感動で胸がいっぱい。松尾雄史が8周年記念コンサートで、実直に歌を届ける。節目の10周年に向け、「ひたむきに一歩ずつ」

松尾雄史 8周年記念コンサート2021 in 練馬文化センター大ホール

松尾雄史が6月4日、東京・練馬区の練馬文化センター 大ホールで「松尾雄史 8周年記念コンサート2021」を開催した。同コンサートは昨年6月10日に予定していたが、コロナ禍で延期に。1年ぶりに実施でき、松尾は感動で胸をいっぱいにしていた。

「コロナ禍で皆さんとお会いできない状態が続いていて、このコンサートを特に楽しみにしてくださった方が多いとお聞きしました。本当にうれしいです。来てくださった皆さんに『僕も元気にしていますよ』『歌っていますよ』というメッセージを笑顔で伝えたいですね」

そう語っていた松尾は、「くちなし慕情」と「すず虫」の2曲から記念コンサートをスタートさせた。

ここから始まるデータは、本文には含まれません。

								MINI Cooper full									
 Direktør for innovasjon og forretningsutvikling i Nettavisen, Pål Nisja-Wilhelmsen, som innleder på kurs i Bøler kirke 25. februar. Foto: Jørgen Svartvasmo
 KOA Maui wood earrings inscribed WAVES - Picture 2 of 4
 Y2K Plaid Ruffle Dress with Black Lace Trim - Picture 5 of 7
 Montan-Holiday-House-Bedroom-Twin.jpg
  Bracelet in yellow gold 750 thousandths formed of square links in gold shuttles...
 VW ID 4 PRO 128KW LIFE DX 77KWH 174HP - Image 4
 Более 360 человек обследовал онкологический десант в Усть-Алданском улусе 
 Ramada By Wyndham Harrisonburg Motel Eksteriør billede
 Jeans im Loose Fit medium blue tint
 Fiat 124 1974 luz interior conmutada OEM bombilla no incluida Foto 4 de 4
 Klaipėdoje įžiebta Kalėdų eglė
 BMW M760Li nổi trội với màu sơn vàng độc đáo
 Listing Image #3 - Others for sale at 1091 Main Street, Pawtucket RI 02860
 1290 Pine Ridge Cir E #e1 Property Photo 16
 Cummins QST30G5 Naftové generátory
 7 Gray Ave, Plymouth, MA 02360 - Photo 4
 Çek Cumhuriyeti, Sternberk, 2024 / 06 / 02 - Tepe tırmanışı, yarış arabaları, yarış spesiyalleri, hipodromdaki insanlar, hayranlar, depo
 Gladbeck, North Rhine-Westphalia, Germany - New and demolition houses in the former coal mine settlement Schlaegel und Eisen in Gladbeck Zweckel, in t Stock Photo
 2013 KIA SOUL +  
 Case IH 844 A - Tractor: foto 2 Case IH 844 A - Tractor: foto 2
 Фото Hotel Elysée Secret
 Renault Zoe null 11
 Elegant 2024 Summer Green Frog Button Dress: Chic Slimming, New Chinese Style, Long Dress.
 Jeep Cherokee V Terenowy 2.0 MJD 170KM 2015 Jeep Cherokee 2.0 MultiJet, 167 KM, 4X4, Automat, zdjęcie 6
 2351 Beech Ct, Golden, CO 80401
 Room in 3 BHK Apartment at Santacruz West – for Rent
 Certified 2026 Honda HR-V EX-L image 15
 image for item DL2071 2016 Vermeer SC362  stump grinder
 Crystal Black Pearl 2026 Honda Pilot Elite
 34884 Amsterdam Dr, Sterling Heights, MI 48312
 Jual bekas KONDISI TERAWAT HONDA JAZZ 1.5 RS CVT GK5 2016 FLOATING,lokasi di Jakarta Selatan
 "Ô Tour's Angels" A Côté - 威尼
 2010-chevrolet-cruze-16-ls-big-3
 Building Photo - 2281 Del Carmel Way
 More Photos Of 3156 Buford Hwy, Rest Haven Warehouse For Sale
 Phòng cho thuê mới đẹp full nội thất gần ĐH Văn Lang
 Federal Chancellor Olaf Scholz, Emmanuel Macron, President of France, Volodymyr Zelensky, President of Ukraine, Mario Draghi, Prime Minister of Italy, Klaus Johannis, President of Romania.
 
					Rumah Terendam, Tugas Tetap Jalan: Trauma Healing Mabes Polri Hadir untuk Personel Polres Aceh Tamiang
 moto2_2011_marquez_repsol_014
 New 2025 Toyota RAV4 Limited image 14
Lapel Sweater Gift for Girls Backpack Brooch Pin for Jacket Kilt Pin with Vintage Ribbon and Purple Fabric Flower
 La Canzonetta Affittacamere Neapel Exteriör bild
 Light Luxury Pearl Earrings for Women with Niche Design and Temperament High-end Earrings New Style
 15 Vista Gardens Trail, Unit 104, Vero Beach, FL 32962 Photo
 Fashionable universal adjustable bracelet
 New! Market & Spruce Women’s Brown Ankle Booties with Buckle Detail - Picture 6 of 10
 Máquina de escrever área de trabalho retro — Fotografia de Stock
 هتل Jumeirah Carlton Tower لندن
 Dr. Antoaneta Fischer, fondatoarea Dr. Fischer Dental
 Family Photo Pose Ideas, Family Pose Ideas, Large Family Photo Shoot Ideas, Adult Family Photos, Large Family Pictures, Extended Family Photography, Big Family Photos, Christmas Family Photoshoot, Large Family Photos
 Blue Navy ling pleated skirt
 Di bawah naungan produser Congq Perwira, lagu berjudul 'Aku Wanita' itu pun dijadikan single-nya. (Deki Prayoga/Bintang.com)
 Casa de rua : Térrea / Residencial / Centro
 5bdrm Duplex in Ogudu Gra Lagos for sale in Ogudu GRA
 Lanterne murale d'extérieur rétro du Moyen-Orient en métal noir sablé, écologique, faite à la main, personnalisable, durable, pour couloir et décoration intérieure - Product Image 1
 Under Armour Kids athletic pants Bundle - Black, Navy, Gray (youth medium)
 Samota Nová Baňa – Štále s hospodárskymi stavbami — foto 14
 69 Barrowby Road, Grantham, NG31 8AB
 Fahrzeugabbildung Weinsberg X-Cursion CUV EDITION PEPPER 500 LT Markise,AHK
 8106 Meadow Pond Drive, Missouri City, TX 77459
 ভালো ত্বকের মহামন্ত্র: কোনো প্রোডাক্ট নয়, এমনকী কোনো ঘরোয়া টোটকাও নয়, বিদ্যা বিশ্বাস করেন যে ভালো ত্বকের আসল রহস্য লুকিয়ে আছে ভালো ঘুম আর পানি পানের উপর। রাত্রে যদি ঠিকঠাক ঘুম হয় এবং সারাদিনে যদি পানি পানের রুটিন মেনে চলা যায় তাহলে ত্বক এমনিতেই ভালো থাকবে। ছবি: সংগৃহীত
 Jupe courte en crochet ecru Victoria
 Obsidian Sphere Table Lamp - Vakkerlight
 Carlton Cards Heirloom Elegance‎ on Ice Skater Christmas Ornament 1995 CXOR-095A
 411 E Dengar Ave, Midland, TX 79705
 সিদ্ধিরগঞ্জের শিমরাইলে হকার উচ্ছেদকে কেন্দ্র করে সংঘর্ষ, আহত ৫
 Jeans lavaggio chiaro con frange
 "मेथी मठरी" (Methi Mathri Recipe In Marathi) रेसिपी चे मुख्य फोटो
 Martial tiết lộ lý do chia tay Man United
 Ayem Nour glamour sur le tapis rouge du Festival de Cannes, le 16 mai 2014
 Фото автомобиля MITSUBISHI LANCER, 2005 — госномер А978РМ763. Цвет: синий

「くちなし慕情」は2012年6月6日に歌手としてデビューした曲であり、恩師・水森英夫が幼少期を過ごした“練馬、北町 三丁目”を舞台にした女唄。幼なじみの男性を待ちながら、今日も名もないお店に“麻のれん”を掛ける女性の気持ちを歌った曲だ。一方、「すず虫」は2018年12月にリリースされると話題となり、翌年7月に感謝盤が発売された松尾の代表曲。男ごころの哀愁を歌う松尾の歌声が心地よく耳に残る。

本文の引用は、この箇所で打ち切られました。